В новых кортесах, которые начали свою работу 17 ноября 1967 года, третья часть депутатов была избрана главами семейств. Это не означало особой либерализации: все депутаты были членами Фаланги, а примерно половину из них составляли высокие сотрудники госаппарата. Во всяком случае, как отметил Франко в разговоре с одним из своих министров, кортесы не обладали самостоятельностью. Только каудильо мог санкционировать принятие законов75. За день до открытия работы кортесов Франко сказал Пакону, что не воспользуется этим случаем для объявления о перестановках в правительстве. Стараясь умалить значимость назначения Карреро на пост вице-председателя правительства, каудильо заявил, что «конституция», по которой в случае его смерти будет назначен премьер-министр, делает это необходимым, но, к счастью, в этом нет нужды76. В своей речи на открытии кортесов он с издевкой отозвался о тех, кто желает возврата к либеральной демократии. В речи содержались намеки на возможность послаблений (apertura), но каудильо подчеркнул, что если и так, то в весьма узких границах77.
В день семидесятипятилетия Франко сказал кузену, что чувствует себя крепким, но не надеется дожить до девяноста лет78. Его политические инстинкты приобретали склеротический характер. Возмущенный в начале 1968 года беспорядками в университетах, Франко твердо решил, что это дело рук зарубежных агитаторов, а радикальных священников назвал замаскировавшимися коммунистами79. Его обрадовало, что генерал, командующий Барселонским военным округом, силой подавил выступления левых и либеральных священнослужителей и студентов университетов8?.
О монархической газете «А-бэ-сэ» он говорил как о «враге». Его решимость не допустить прихода на трон дона Хуана базировалась не столько на неприятии нынешних взглядов претендента, сколько на тлеющем недовольстве его Лозаннским манифестом 1945 года.

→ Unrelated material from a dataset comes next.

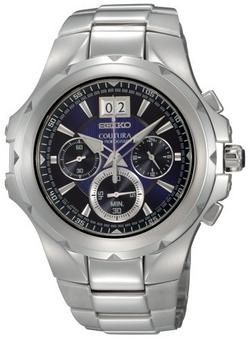 Mens New Steel Seiko Coutura Chronograph BM6010 55A Watch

Отношение Франко к дону Хуану и сомнения в вопросе о монархическом наследовании обрушились в связи с празднованием 30 января 1968 года рождения Фелипе, сына Хуана Карлоса. На крестины из Ниццы прилетела королева Виктория-Евгения, вдова Альфонса XIII, мать дона Хуана и бабушка Хуана Карлоса. Франко отказался встретить ее в аэропорту Барахас. «Вы должны понять, ваше высочество, —объяснял он Хуану Карлосу, — что я не могу компрометировать государство, появившись там». На это Хуан Карлос сухо возразил ему, что в Органическом законе государства он связал будущее государства с монархией. Каудильо отказался принять дона Хуана. Франко рассердило, что несколько министров — Кастиэлья, Эспиноса Сан-Мартин и Лора Тамайо — поехали в аэропорт, не спросив у него разрешения. Он удержал от этого Алонсо Вегу. Один лишь Антонио Мариа Ориоль, министр финансов, на которого были возложены официальные обязанности по поддержанию отношений с королевским семейством, отправился в аэропорт с благословения каудильо. На церемонии крещения маленького Фелипе, где присутствовали дон Хуан и принц Хуан Карлос, Виктория-Евгения, улучив момент, сказала каудильо: «Что ж, Франко, перед вами три Бурбона. Решайте». Тот промолчал81.